Friends Journal’s May issue on “Membership” is out. In my opening column I talk about some of the different types of members, official and unofficial:
As the clerk of a small meeting, I find myself frequently juggling these multiple categories of membership. When we had plumbing issues a few months ago, there were lots of emails with a core half-dozen regulars who I can depend on to help with logistics and contacts with local contractors (this group is so consistent that when I go to send a message to one, my email program asks me if I want to include all the others).
When there’s an event coming up, the email list expands to include a small group of recent newcomers who make it to worship a few times a month. Every so often I look over this list to see if there’s someone who’s dropped away, and I’ll take a minute to write them a special email asking how they are and inviting them to attend. I would hate for a semi-regular to drop away and think we hadn’t noticed.
There’s also a wide constellation of people who attend once in a proverbial blue moon. Some are members of nearby meetings who occasionally hit us up for a change of pace. Others are local history buffs who will come to hear a particular speaker but make sure to come early because they like their once-a-year Quaker worship. Few of these visitors will ever become regulars but they probably know someone who might, and their word-of-mouth recommendation could help connect a new seeker with our small band.
When it’s time to send out the annual fundraising appeal, I’ll reach out to another, rather special class of members, those at a distance, many of whom I’ve never met.
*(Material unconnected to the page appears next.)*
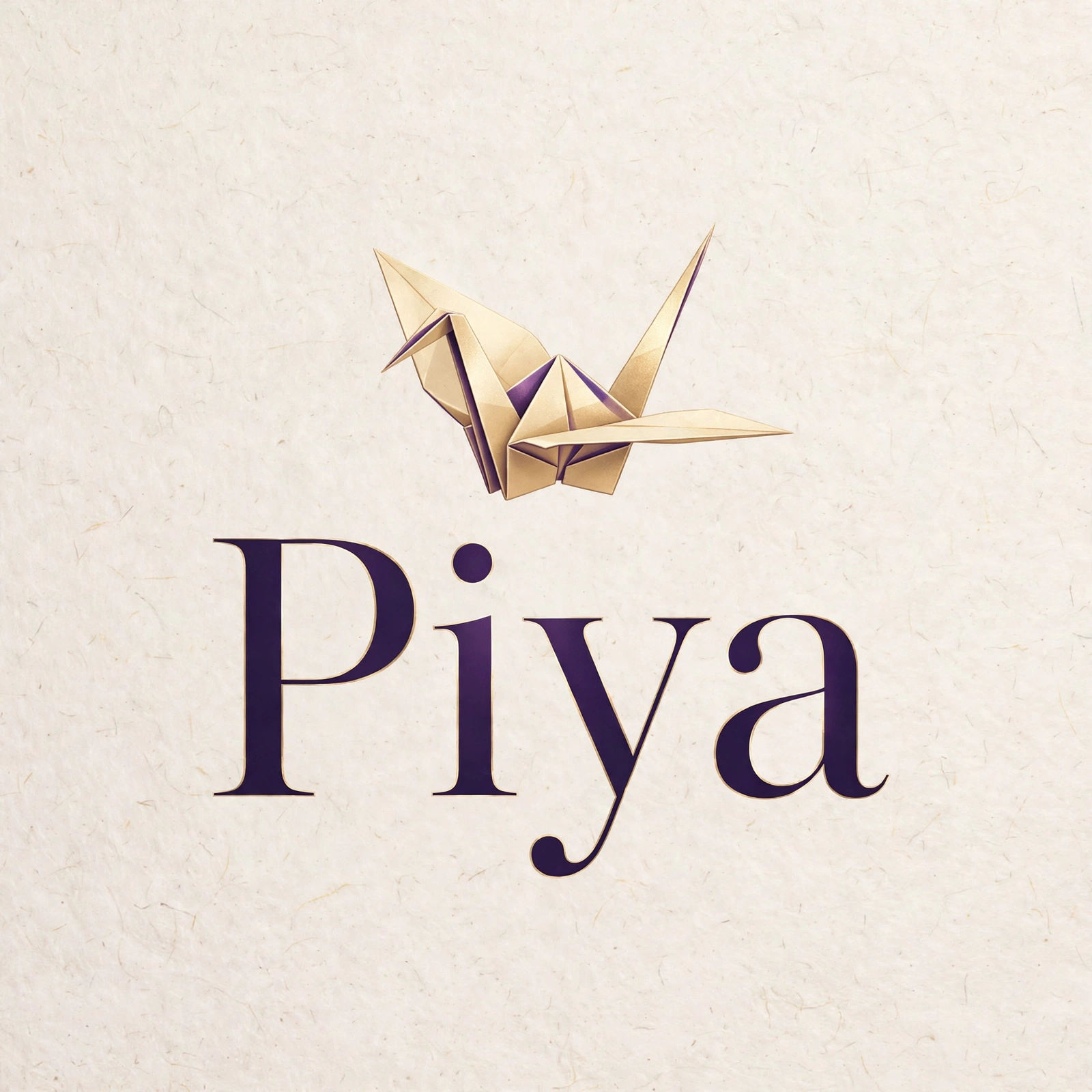 Piya Printables logo — deep purple serif lettering with a gold origami crane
They might hail from one of the founding families of the meeting; perhaps they grew up there themselves and have fond memories. It might be easy to forget about these members but that would be a mistake, as they remind us of the long line of faithful servants who have kept this special community going in the past.
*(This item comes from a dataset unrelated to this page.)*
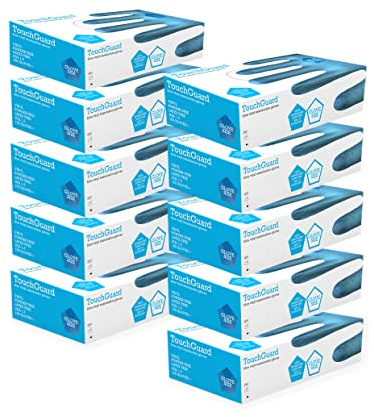 TouchGuard - Guantes de vinilo azules desechables sin polvos, caja de 10*100 unidades, grandes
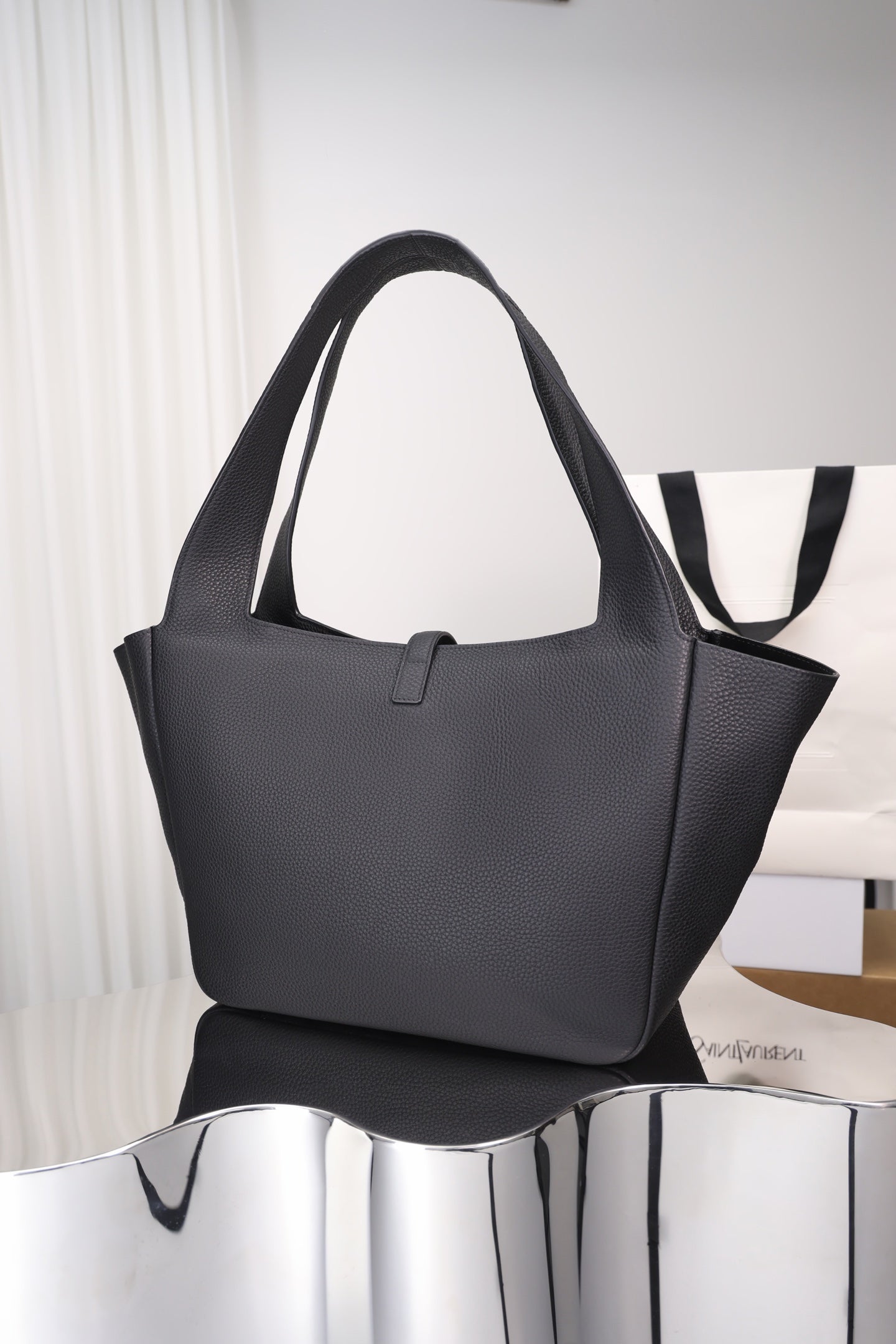Saint Laurent Le 5 à 7 Bea Tote — Black Grained Deer Leather with Antique Gold Hardware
“A Membership That Is Ever Flowing”
I even give a shoutout to the red-shouldered hawk family living in one of our sycamore trees.
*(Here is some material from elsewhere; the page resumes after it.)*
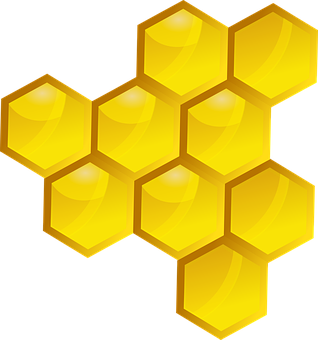 Golden Honeycomb Graphic PNG with transparent background
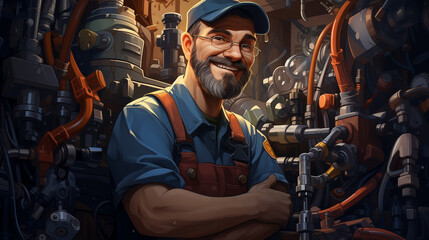 illustration of a plumber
Looking back in the archives, we’ve been putting out an issue on membership every four years: Membership and the Generation Gap in 2012, Almost Quaker in 2016, Membership and Friends in 2020. I’m actually surprised at the clockwork precision of our issues, but there’s a good reason we keep coming back to it. The definition of who “we” are is an essential part of our self-identification as Friends. Pretty much everything we do (or fail to do) reflects our implicit assumptions about who’s in and who’s out. Many, perhaps most, of the debates that roil Friends have membership as an element.